Oudane (aside: this is the frenchified spelling; in English it would probably be Wadan with 2 short a-sounds, emphasis on the 2nd syllable) is a beautiful place, but it is in the middle of the Sahara, 400 miles northeast of Nouakchott. Our goal in spending July 2002 (or poss 2003, but definitely not 2004) there was to really make progress in Hassaniya, far away from the city of Nouakchott where most people speak French. What we didn’t bank on was the fact that Oudane in July is a furnace. Exposed to the winds of heaven, which scour it daily, the village is an oven under a brazen sky with daily sandstorms. On top of that the entire family got intestinal parasites. I have written extensively of the experience, although I didn’t post it here since I had the idea of selling it to a magazine. (No one’s interested, even though the article starts, “I knew I had become accustomed to the desert when we tied the live goat to the top of our car…” which I quietly think is a great hook.)

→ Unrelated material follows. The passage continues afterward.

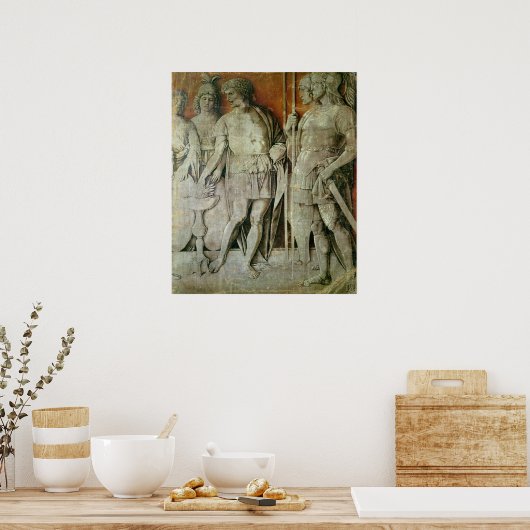 Mucius Scaevola Poster (Keuken)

We moved from Mauritania in July 2007 and the country kind of fell apart shortly afterward (no I don’t think these 2 things are related), with several Westerners killed, a suicide bomber just outside the French school, and many Western aid workers kidnapped and held for ransom. Last year, our first visit back, the capital felt different, unsafe in ways it hadn’t before. We had no way of knowing if this was our imagination or not, but it wasn’t helped by Mauritanian friends telling us to be careful and avoid certain areas, and official warnings not to travel outside the city.
This year, Nouakchott felt back to normal–dusty, bustling, busy, safe. I was happy about this. I wish my former home all the best and want it to succeed, and terrorism kills growth, along with so much else. The official warnings had been moved too. Now it was considered safe to go as far east as Chinguetti. Oudane is located about 30 km northwest of Chinguetti. And so, we decided to return to visit our friend Yahiya.
Since this is your introduction to a Mauritanian village, let’s take a moment to look at the houses of Oudane. First a wall is built around a rocky courtyard. On one side are 2 or 3 rooms, bare concrete with low windows, which makes sense for people sitting on the floor. (There are no couches or chairs here, just a thin rug over a concrete floor and a hard cushion for your elbow) The windows are simply holes in the wall with wooden shutters, painted a bright green and sandblasted to that country chic look so popular a few years ago.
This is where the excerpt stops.